J'ai perdu mon corps
Xilam - J. Clapin
J'ai perdu mon corps
Xilam - J. Clapin

J'ai perdu mon corps - regard sur le film

Lycéens et apprentis au cinéma

publié le 08/04/2025

Dans le cadre de Lycéens et apprentis au cinéma, nous avons demandé à Lucie Mérijeau, spécialiste de cinéma d'animation d'apporter un éclairage sur le film J'ai perdu mon corps, en écho à son intervention pour les enseignants du 12 mars 2025. Lucie Mérijeau a également produit pour notre dispositif un diaporama à utiliser en classe, Focus sur le cinéma d'animation.
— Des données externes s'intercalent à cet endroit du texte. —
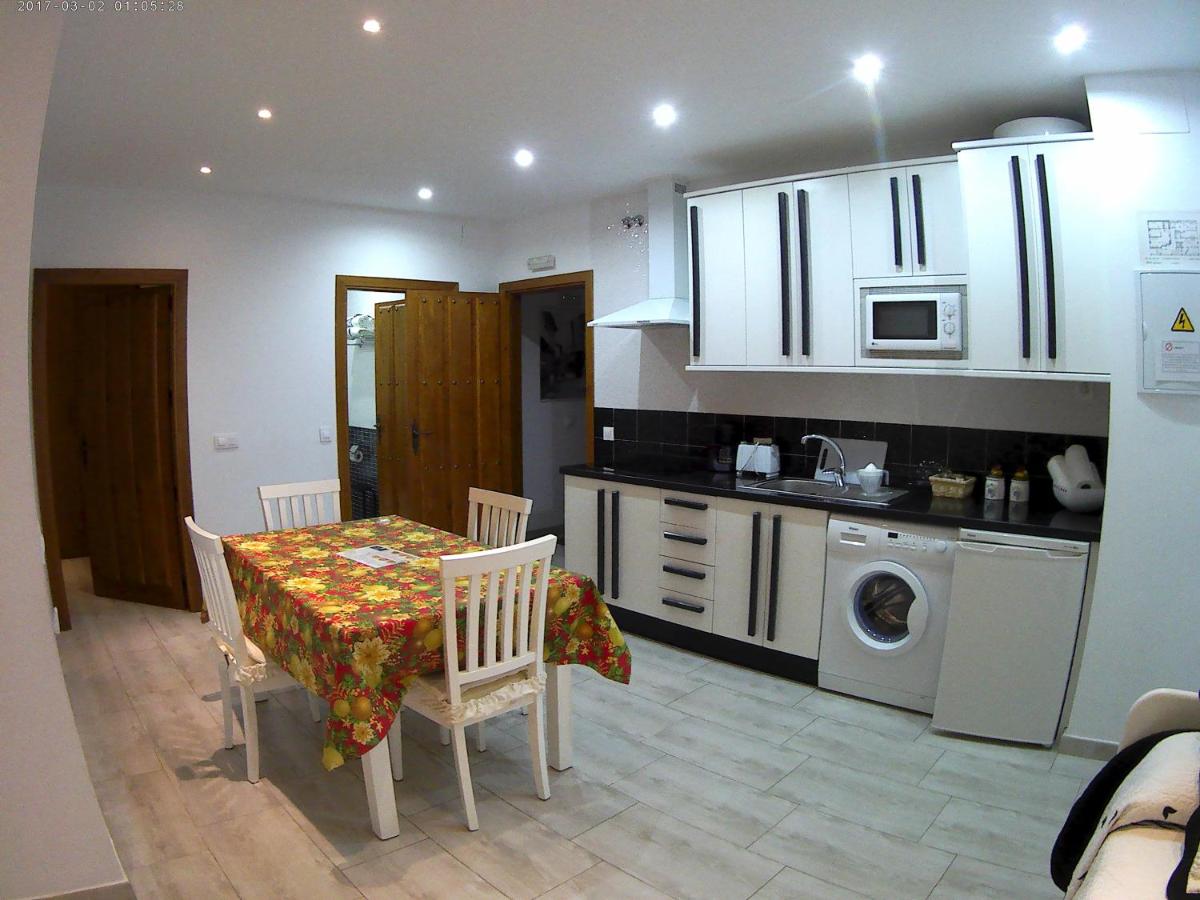 Apartamentos Turisticos Mirayuste - Housity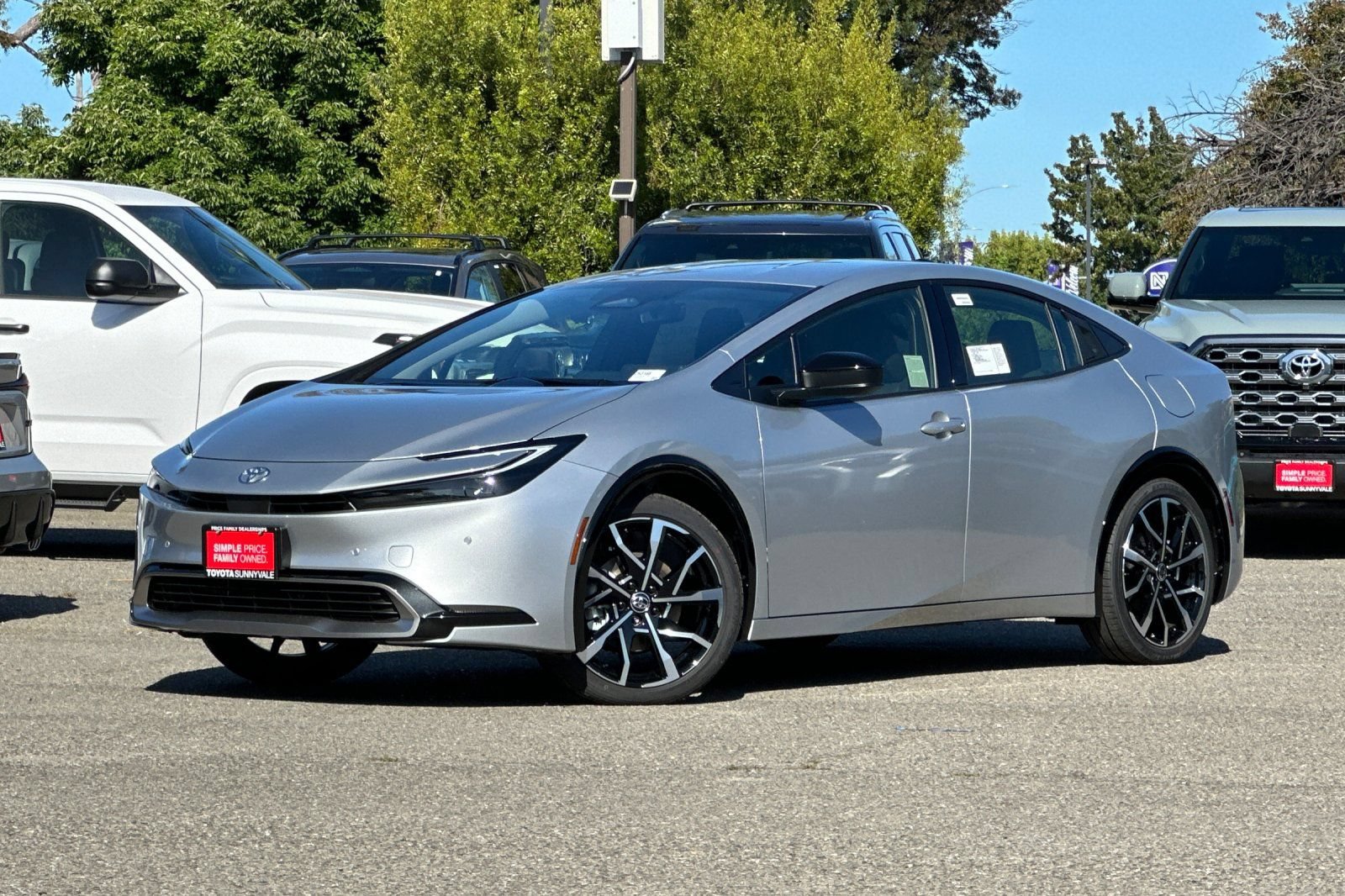 New 2026 Toyota Prius Plug-In Hybrid FWD video 2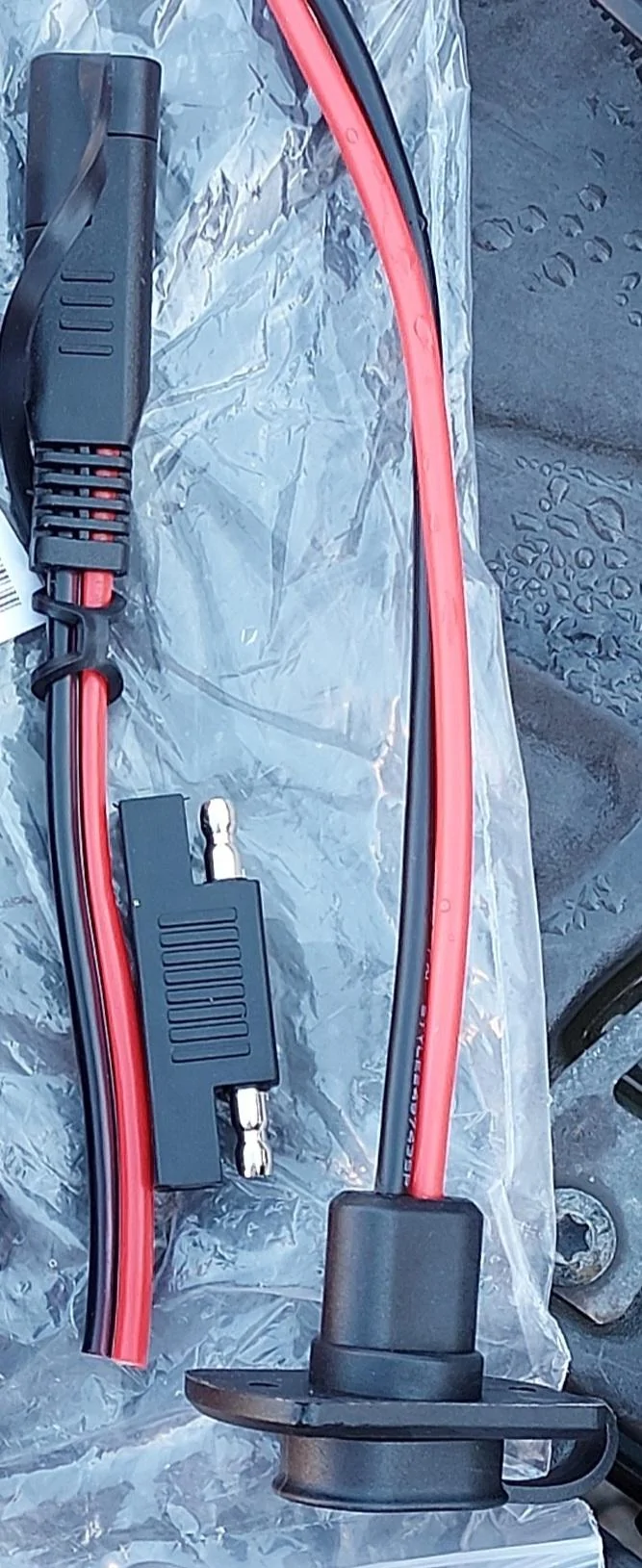 Jeep Gladiator Permanent mount battery tender 20221029_220339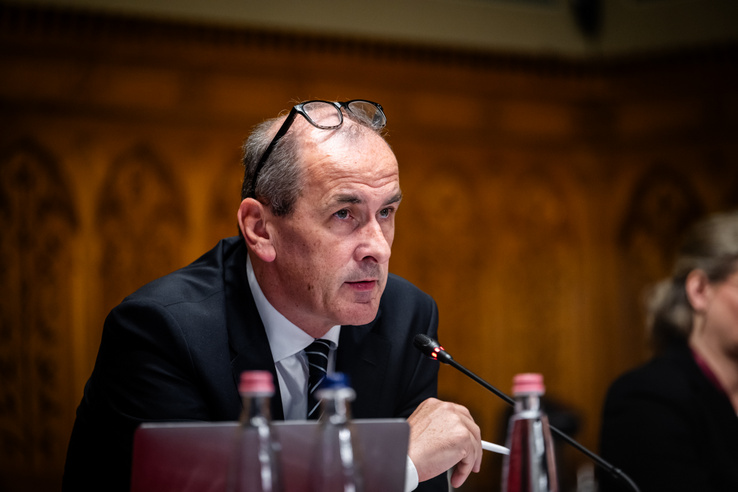 Hegedűs Zsolt Pintér Sándorról: Fel sem tudta mérni, hogy mit vállal az egészségügy irányításával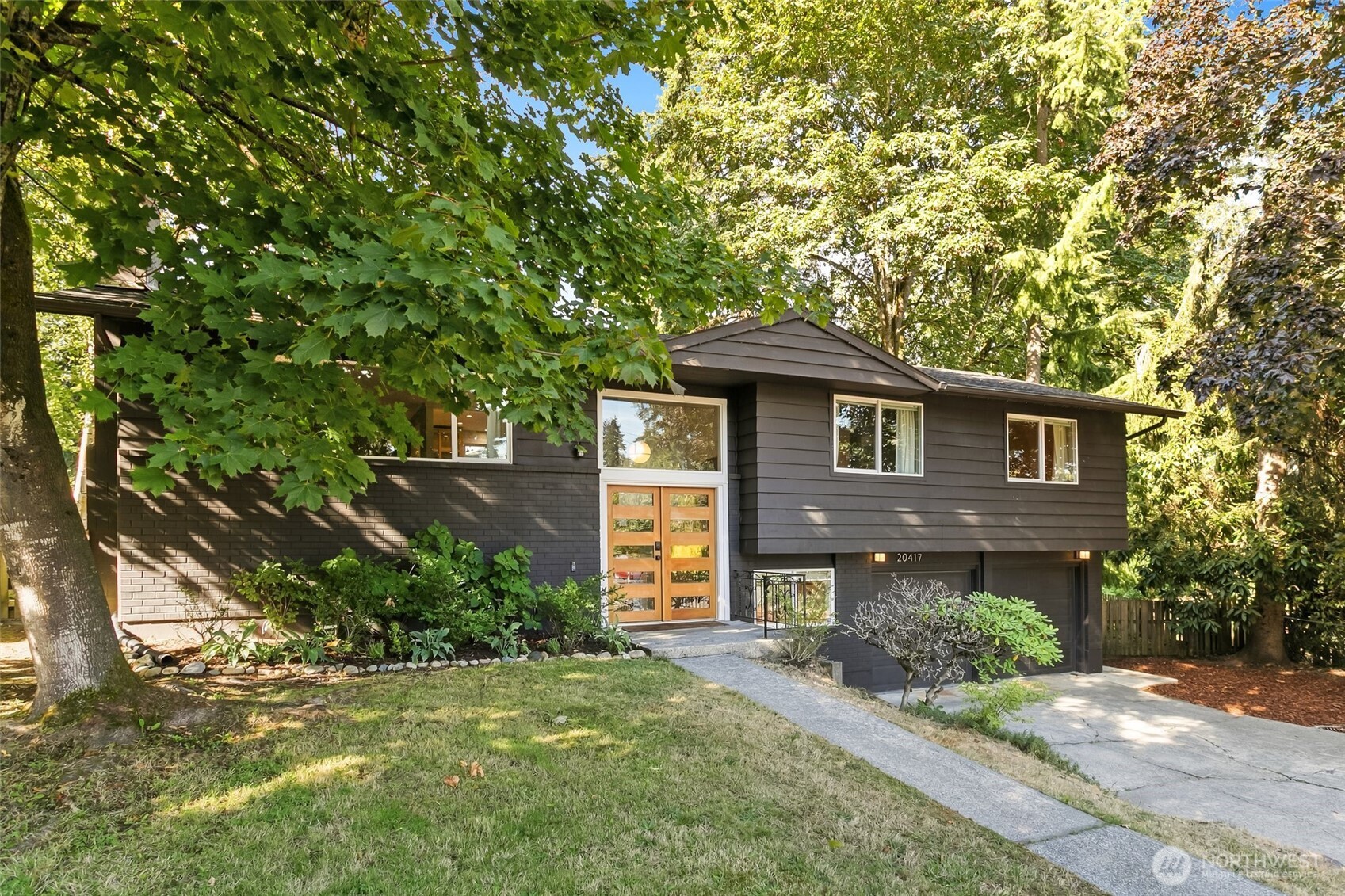 20417 55th Place Property Photo 2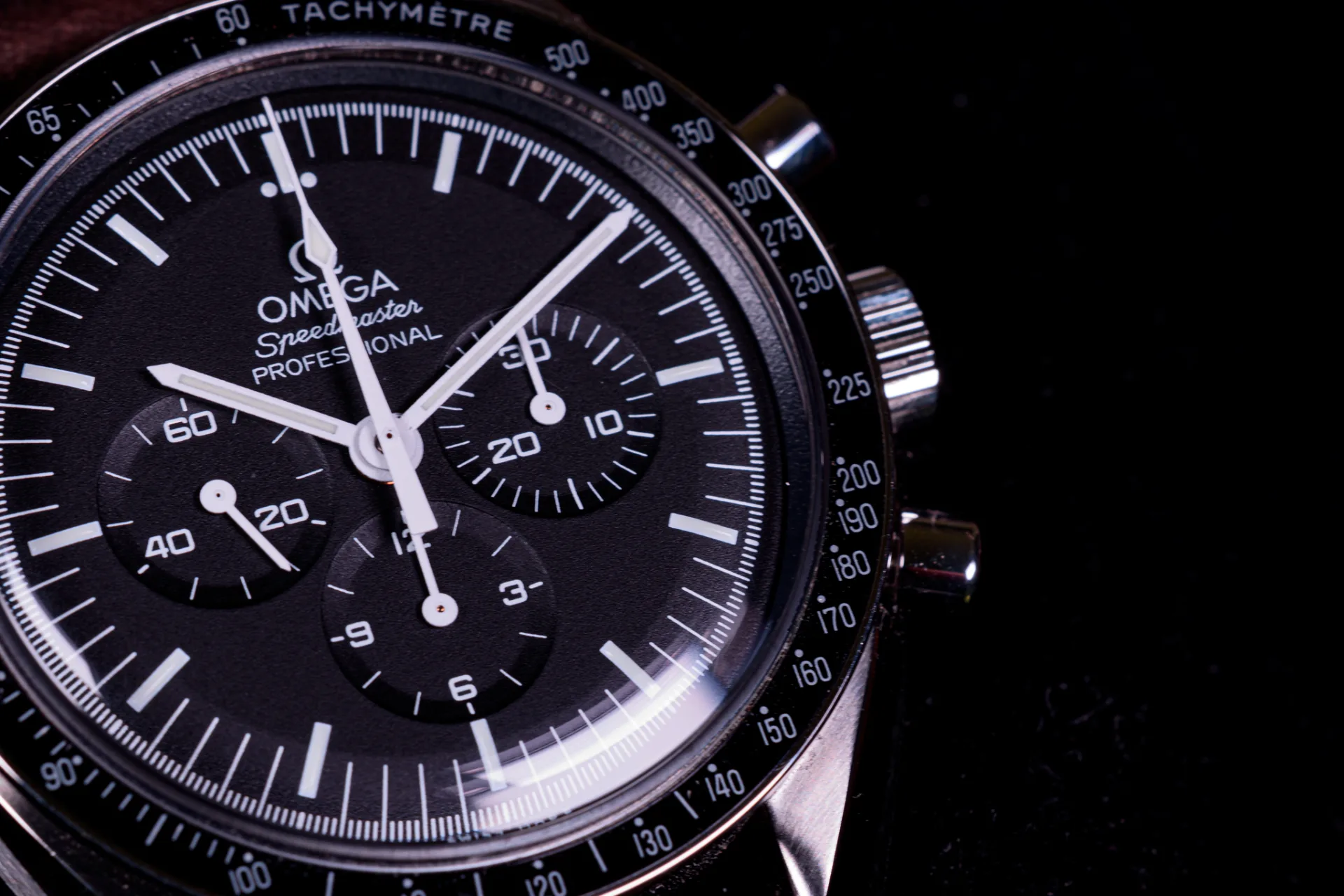 Luxe horloge in detail bij Barrel and Bridge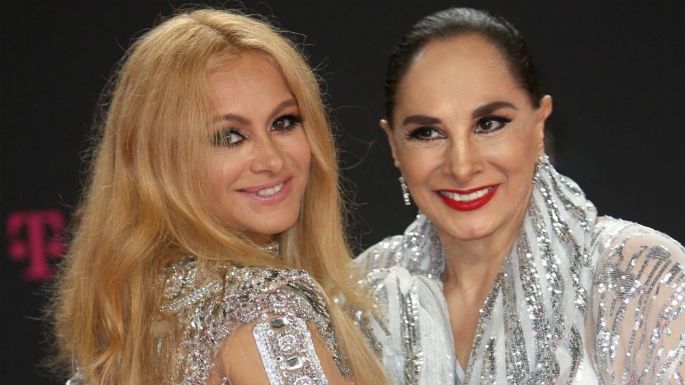 Paulina Rubio no se limita y revela que ya no le teme a la muerte tras la pérdida de su madre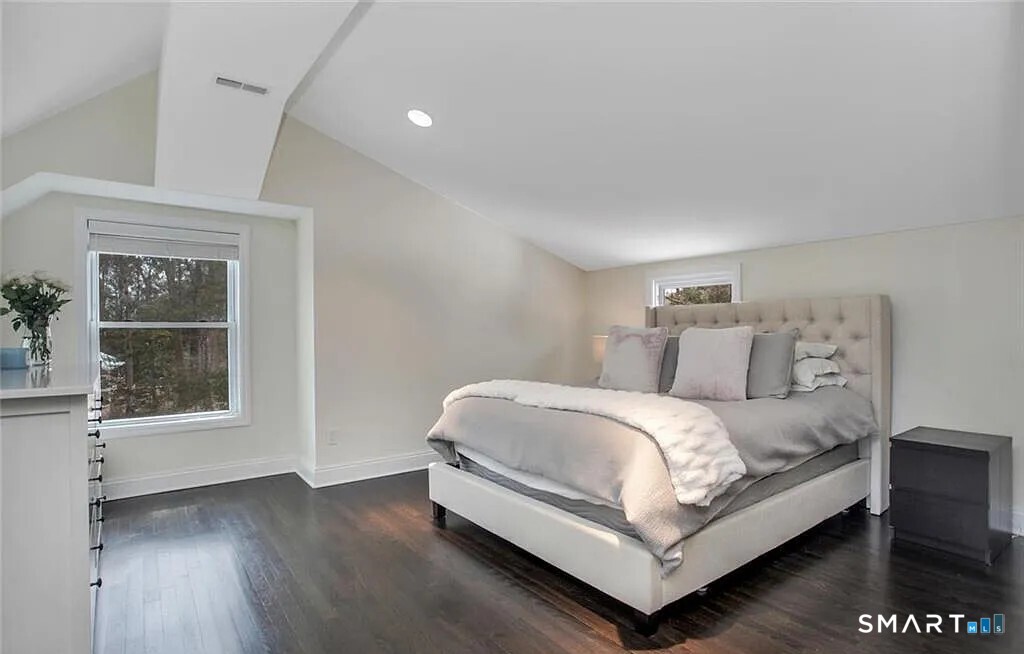 8 Ferndale Drive Easton CT 06612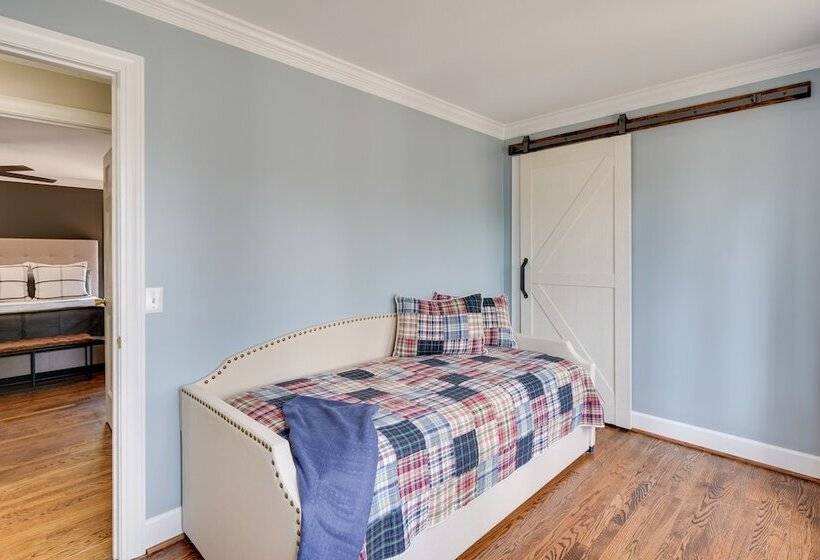 Spacious Waterfront Hyco Lake Retreat W/ Dock!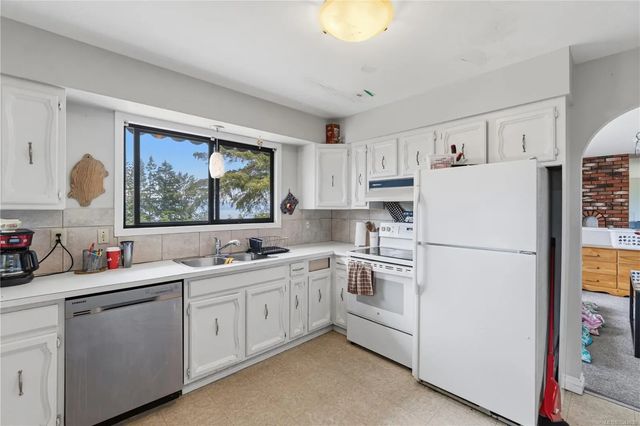 2 of 57 - 5395 Lost Lake Rd, Nanaimo, BC
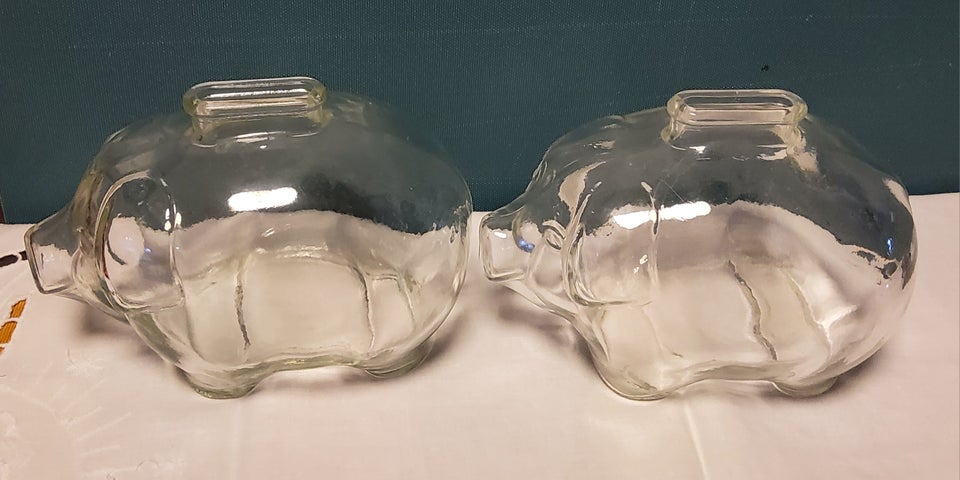 Sparebøsse, 2 glas sparegrise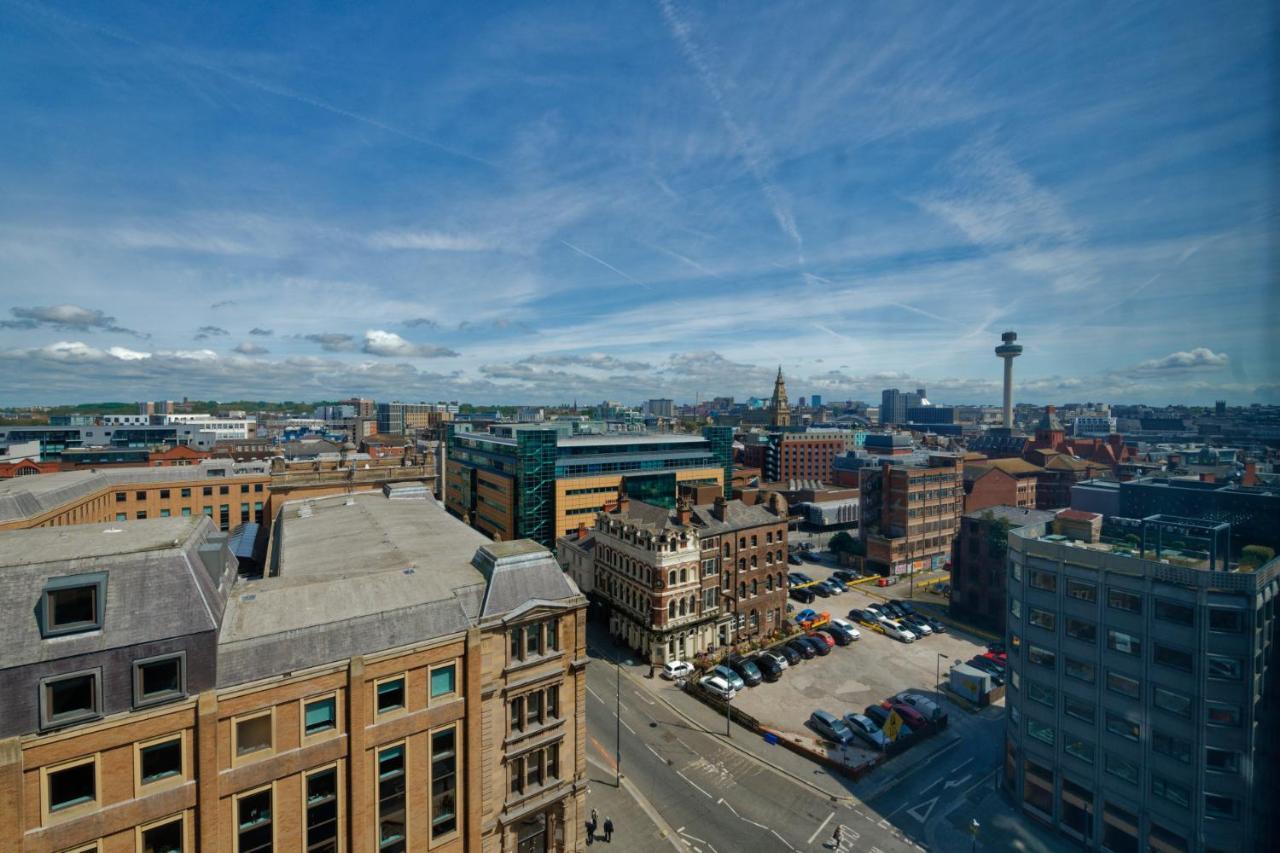Sidemerseylivings - Central, Bright, And Convenient 2-bedroom With Parking Appartement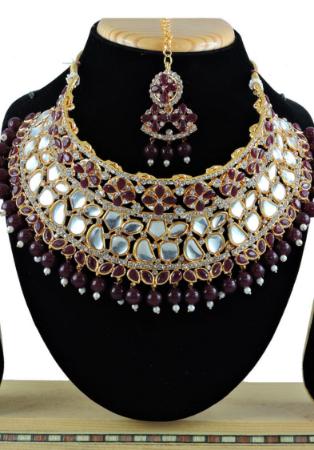 Picture of Alluring Maroon Necklace Set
À sa sortie en 2019, J’ai perdu mon corps fait parler de lui en tant que film d’animation (Cristal du long métrage au Festival du film d'animation d'Annecy et César du meilleur film d'animation) et en tant que film « de cinéma », en remportant le Grand prix de la Semaine de la critique au festival de Cannes. Le sillon avait été tracé en 2007 par Persepolis (M. Satrapi et V. Paronnaud, Prix du Jury au festival de Cannes) et creusé en 2008 par Valse avec Bachir (A. Folman). Depuis, un nombre inédit de longs métrages sont venus arpenter le territoire du film d’animation « pour adultes » : des films mettant en scène des fictions documentées ou des récits personnels jusque-là réservés au domaine du court métrage, peu visible par le grand public.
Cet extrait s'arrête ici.